Le soleil est là. Le Reggae Sun Ska porte enfin bien son nom ! On profite, on bronze posé dans l’herbe. On ne boude pas notre plaisir durant ce moment de détente avec une musique parfaitement raccord venant de la Natty Dread orchestrée par Meta And The Cornerstones. La musique porte notre esprit vers l’ailleurs, et nous encourage à la sieste spirituelle.

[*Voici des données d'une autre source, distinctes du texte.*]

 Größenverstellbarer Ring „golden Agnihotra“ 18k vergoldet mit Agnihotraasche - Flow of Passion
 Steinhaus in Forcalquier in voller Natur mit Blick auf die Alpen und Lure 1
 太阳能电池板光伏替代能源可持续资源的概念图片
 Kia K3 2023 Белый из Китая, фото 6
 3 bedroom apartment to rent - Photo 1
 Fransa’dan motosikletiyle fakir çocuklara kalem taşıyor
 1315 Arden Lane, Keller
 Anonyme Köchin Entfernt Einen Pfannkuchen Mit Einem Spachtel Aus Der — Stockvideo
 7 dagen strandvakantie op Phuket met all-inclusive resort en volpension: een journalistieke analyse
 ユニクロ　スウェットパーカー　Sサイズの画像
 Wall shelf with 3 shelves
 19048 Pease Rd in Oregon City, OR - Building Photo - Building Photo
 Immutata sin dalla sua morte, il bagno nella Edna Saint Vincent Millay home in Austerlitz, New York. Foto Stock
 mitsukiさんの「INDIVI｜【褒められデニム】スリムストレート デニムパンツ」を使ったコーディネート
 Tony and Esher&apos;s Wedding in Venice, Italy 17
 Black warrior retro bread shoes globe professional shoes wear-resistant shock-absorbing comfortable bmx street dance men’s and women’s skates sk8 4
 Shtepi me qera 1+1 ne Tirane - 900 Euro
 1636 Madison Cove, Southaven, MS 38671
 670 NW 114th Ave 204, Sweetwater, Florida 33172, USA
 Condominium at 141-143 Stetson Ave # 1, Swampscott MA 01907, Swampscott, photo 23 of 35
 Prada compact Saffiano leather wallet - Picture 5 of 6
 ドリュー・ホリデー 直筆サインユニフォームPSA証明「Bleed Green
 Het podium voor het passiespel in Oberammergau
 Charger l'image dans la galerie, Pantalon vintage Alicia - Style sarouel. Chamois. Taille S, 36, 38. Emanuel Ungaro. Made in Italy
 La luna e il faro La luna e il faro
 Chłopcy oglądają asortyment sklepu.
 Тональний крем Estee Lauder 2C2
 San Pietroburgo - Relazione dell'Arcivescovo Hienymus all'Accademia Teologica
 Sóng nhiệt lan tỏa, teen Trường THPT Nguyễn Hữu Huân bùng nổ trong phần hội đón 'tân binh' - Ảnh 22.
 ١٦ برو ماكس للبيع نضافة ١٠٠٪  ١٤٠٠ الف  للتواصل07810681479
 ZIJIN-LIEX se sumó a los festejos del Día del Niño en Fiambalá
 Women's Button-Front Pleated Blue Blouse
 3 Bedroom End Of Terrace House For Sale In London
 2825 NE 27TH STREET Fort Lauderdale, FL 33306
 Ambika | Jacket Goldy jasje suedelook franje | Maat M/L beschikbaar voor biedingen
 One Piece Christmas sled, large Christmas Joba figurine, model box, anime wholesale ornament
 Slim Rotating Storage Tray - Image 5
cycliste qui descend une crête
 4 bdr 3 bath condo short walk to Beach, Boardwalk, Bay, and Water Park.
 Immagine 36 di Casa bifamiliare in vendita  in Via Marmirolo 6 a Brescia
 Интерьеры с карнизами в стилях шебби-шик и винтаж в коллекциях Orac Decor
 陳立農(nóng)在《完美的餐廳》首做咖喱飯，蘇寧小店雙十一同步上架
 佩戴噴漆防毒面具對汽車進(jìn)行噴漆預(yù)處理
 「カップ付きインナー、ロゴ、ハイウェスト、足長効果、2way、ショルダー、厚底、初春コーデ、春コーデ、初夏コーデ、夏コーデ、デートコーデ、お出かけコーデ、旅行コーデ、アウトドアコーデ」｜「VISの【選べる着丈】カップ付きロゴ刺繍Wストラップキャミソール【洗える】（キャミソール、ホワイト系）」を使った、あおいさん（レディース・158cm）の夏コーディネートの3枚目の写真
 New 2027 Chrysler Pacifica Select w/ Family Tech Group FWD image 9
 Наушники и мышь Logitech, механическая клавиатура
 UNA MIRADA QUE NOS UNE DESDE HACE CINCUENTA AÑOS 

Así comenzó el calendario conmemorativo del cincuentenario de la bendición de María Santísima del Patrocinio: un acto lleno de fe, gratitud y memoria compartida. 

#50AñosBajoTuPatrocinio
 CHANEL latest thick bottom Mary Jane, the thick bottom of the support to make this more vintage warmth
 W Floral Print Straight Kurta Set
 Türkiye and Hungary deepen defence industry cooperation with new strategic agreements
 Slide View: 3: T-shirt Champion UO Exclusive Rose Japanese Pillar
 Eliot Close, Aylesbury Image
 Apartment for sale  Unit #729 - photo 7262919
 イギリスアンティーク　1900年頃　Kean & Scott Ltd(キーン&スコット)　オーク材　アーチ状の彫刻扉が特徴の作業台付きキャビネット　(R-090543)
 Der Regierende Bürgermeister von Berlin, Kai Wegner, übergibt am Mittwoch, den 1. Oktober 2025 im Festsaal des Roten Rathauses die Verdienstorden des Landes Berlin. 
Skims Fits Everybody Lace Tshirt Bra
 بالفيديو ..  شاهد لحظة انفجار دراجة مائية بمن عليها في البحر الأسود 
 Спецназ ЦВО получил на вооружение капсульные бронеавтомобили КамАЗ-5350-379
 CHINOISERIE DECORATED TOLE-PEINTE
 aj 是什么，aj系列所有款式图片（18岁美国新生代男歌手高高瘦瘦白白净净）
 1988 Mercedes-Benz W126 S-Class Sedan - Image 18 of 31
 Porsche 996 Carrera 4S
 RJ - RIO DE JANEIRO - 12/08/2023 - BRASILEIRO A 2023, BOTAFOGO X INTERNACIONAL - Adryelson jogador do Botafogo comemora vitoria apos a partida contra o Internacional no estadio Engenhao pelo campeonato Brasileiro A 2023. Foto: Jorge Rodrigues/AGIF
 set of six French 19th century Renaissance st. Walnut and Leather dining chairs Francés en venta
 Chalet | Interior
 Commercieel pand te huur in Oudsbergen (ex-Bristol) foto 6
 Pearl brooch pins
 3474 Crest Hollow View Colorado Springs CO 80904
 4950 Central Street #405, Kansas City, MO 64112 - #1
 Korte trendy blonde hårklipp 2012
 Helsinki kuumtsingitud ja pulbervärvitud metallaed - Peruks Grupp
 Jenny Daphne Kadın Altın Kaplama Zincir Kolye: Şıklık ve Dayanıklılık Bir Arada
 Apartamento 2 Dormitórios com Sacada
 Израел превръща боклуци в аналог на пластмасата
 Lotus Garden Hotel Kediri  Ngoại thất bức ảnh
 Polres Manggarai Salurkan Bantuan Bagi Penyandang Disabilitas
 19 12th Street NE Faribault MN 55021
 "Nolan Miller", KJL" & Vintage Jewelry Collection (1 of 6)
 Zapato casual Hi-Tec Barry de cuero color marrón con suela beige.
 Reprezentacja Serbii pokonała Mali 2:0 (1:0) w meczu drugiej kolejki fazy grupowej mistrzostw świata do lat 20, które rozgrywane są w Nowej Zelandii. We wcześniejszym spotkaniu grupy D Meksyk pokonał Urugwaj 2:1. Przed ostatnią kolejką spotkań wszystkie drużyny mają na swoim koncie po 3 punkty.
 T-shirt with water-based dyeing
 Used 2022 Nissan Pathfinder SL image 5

22h17, tout pour être dans le style

Le réveil sonnera plus vite que prévu. Arrive Mr Vegas, hurlant à gorge déployé, cet abonné aux bonbons au miel qui laisse nous fait fuir la zone, nous faisant marcher le plus loin possible de sa scène. On passe par divers stands vendant de quoi utiliser son origan au mieux, et de quoi se mettre dans l’ambiance en vert jaune et rouge sur le dos, au fameux Shop’Magie. Plus loin, des groupes de festivaliers jonglant avec des Bolas et autres instruments de cirques.

22h53, Papy du reggae

C’est un grand monsieur du reggae qui arrive sur la One Love. Jimmy Cliff (photo) est bien là, devant nos yeux écarquillés. A 67 ans il bouge comme un jeune homme, avec plusieurs levés de jambes par dessus la tête. Cette voix unique de reggae jamaïquain ensorcelle nos dernières heures de festival. Il se permet même de faire son titre Akunamatata. On ne s'y attend pas, nous sommes ravis. S'enchaîne pour clore ce festival le groupe américain tant attendu Groundation. La voix aïgue du chanteur traverse la plaine du Sun Ska pour ce dernier concert. Harrison Stafford s’était même permis un showcase surprise dans la journée, pour le plus grand bonheur des festivaliers surpris sur le moment. A peine 1h du mat’ passé, nous voilà reparti dans le train-train de nos vies, après trois jours d’un festival reprennant des couleurs.

Le Bilan

Côté concert 

La confirmation
Jimmy Cliff et sa grande classe sur scène

La claque
Stephen Marley, parce qu’un Marley au reggae Sun Ska, ça n’a pas de prix

La deception
Mr Vegas, trop énervé ce monsieur

Côté festival

On a aimé :
Un grand nombre de choix de nourriture
L’organisation qui permet de ne pas attendre entre les concerts, ni aux bars, ni aux stands.
L'accessibilité en transport en commun
- Le sound system Dub Fondation, du reggae puissance 1000

On a moins aimé :
Le prix de la bière, 6€ la pinte de Kro ...
La fin à 2h du matin. Trop tôt !
Le manque d’abris quand il pleut

Conclusion

Difficile sera le retour à la réalité après ces trois jours. Ce monde parallèle reggae nous aura envouté de ses parfums de paix et d’amour, tout en proposant une programmation des plus efficaces. 40 000 festivaliers étaient à la cool, pour une orga qui résiste tant bien que mal à sa crise, bien loin des 80 000 festivaliers de 2012. Il n’en a pas pour autant perdu son âme de festival à bonne humeur, dont on a hâte de voir le visage l’année prochaine.